WHAT IS NEEDED:
Please print nothing but the lines from the one with "Pepsodent Set of" to the last line of the records below, and omit pictures.

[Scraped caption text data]
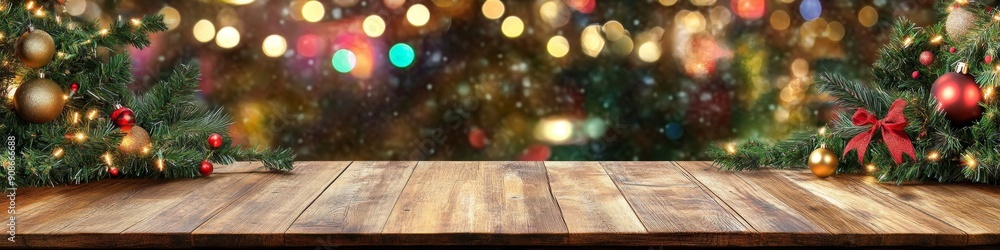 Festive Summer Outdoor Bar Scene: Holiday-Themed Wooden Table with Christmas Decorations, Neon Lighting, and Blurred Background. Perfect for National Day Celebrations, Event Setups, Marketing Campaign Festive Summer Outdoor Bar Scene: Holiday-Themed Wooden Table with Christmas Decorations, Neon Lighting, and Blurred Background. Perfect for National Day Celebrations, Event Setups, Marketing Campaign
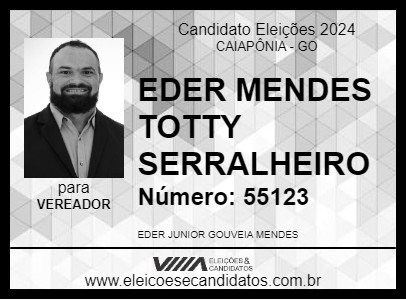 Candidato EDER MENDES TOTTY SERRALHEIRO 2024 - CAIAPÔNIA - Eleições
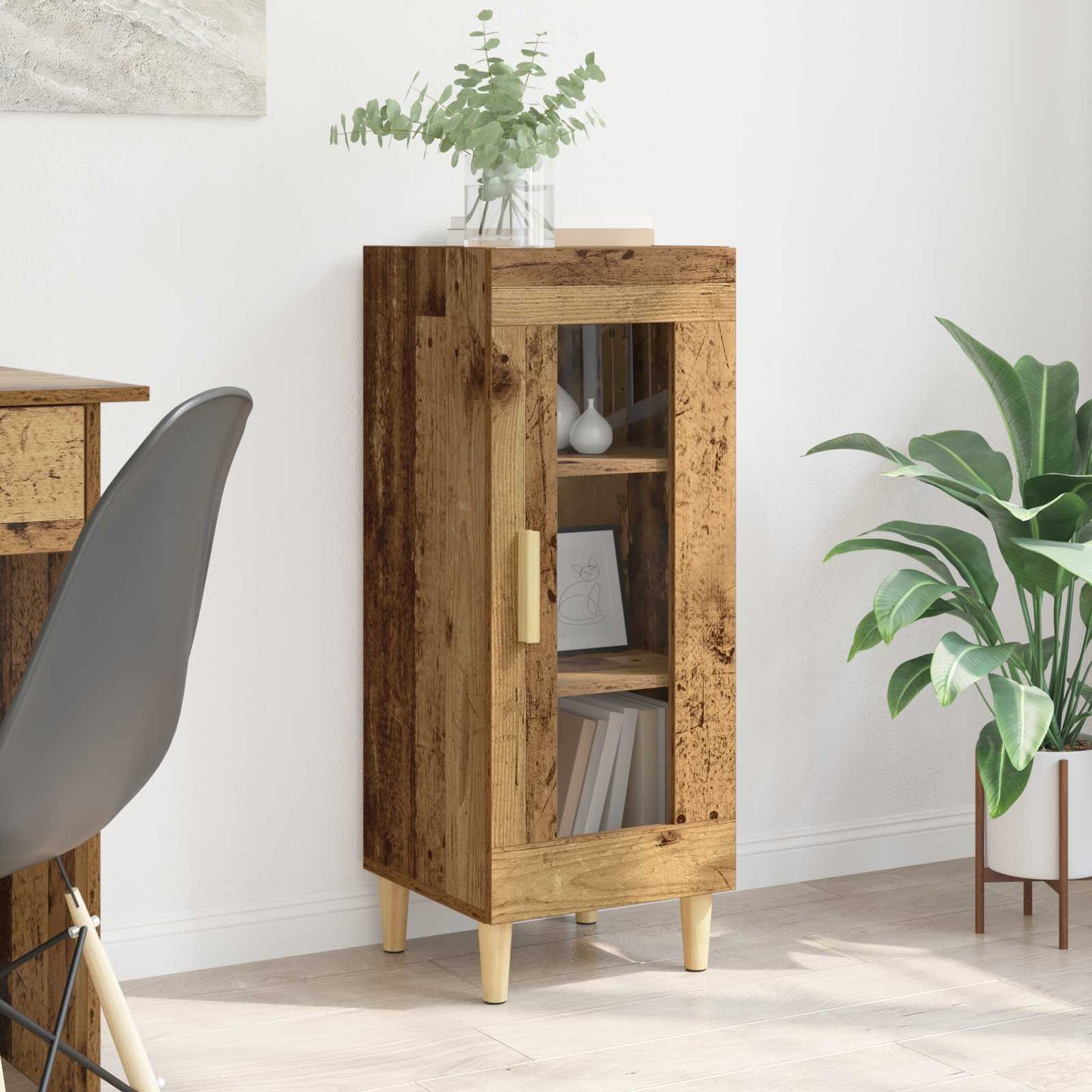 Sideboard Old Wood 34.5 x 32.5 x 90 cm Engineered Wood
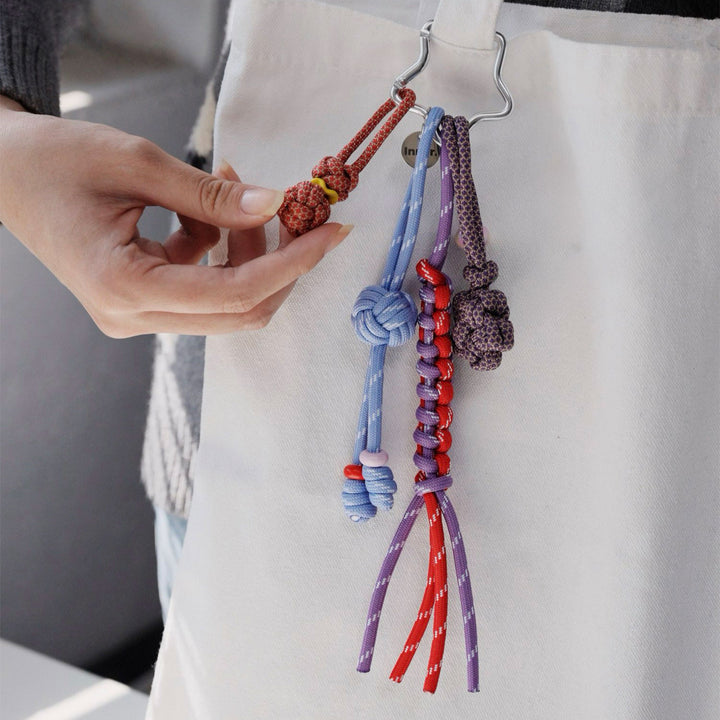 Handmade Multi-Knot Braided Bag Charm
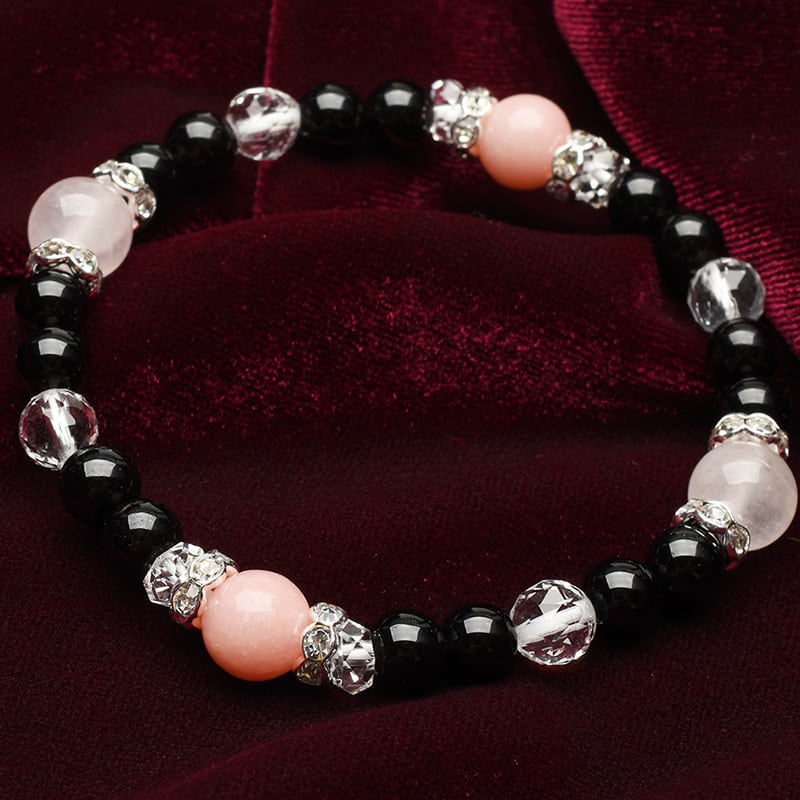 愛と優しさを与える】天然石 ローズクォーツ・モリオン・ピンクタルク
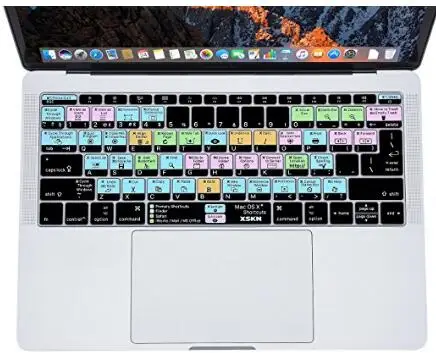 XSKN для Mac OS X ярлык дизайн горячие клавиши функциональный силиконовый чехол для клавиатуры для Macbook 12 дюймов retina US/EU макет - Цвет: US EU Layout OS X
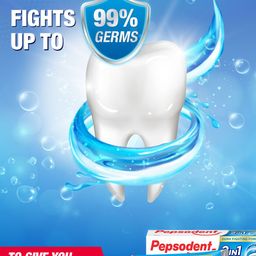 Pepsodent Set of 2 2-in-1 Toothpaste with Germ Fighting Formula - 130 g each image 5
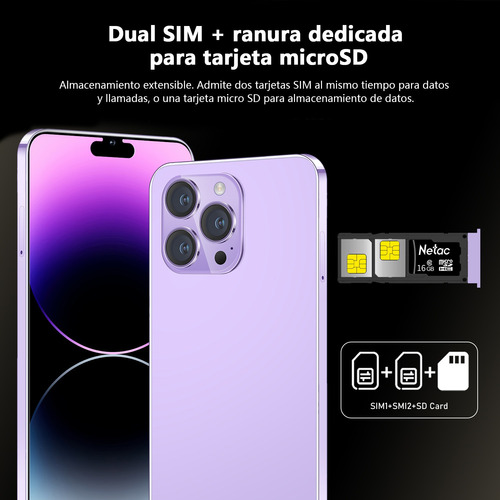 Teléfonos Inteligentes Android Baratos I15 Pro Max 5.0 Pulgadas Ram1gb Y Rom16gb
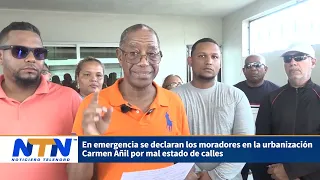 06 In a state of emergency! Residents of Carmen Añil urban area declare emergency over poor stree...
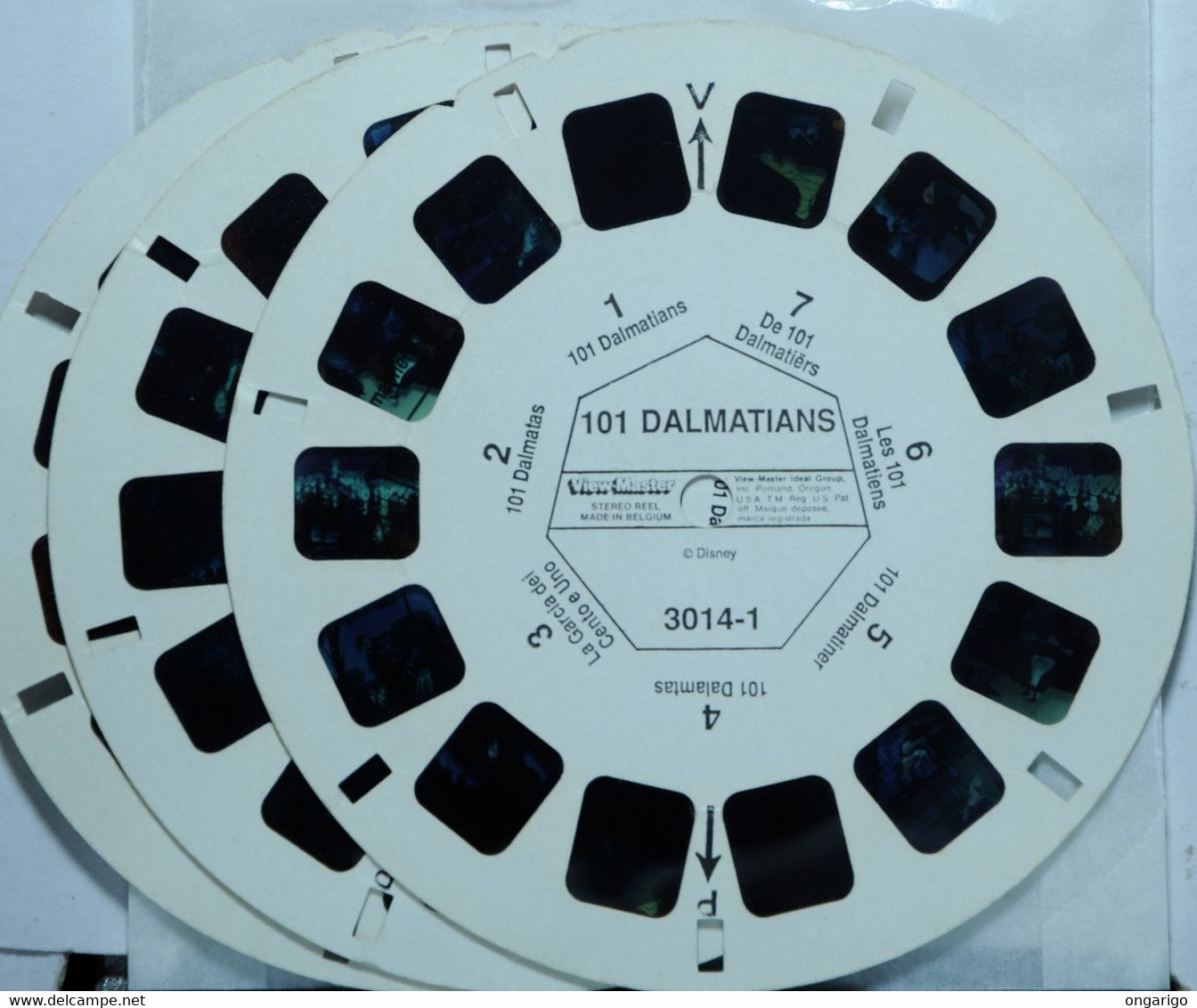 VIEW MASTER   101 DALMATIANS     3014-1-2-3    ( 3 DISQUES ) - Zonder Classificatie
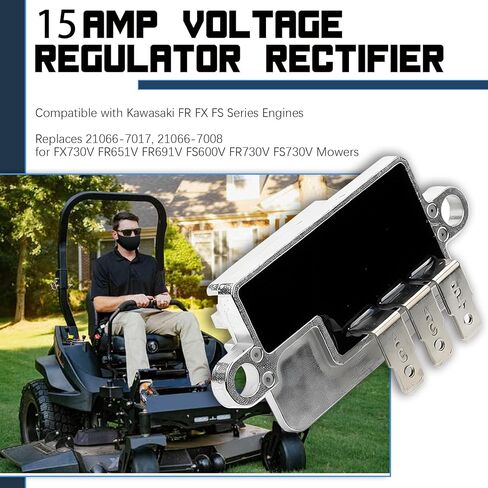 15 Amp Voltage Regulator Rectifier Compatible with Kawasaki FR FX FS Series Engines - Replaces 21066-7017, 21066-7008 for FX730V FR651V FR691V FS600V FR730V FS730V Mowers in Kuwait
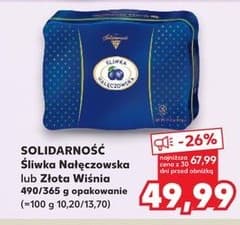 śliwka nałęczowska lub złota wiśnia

ANSWER AREA:
 Pepsodent Set of 2 2-in-1 Toothpaste with Germ Fighting Formula - 130 g each image 5
 Teléfonos Inteligentes Android Baratos I15 Pro Max 5.0 Pulgadas Ram1gb Y Rom16gb
 06 In a state of emergency! Residents of Carmen Añil urban area declare emergency over poor stree...
 VIEW MASTER   101 DALMATIANS     3014-1-2-3    ( 3 DISQUES ) - Zonder Classificatie
 15 Amp Voltage Regulator Rectifier Compatible with Kawasaki FR FX FS Series Engines - Replaces 21066-7017, 21066-7008 for FX730V FR651V FR691V FS600V FR730V FS730V Mowers in Kuwait
 śliwka nałęczowska lub złota wiśnia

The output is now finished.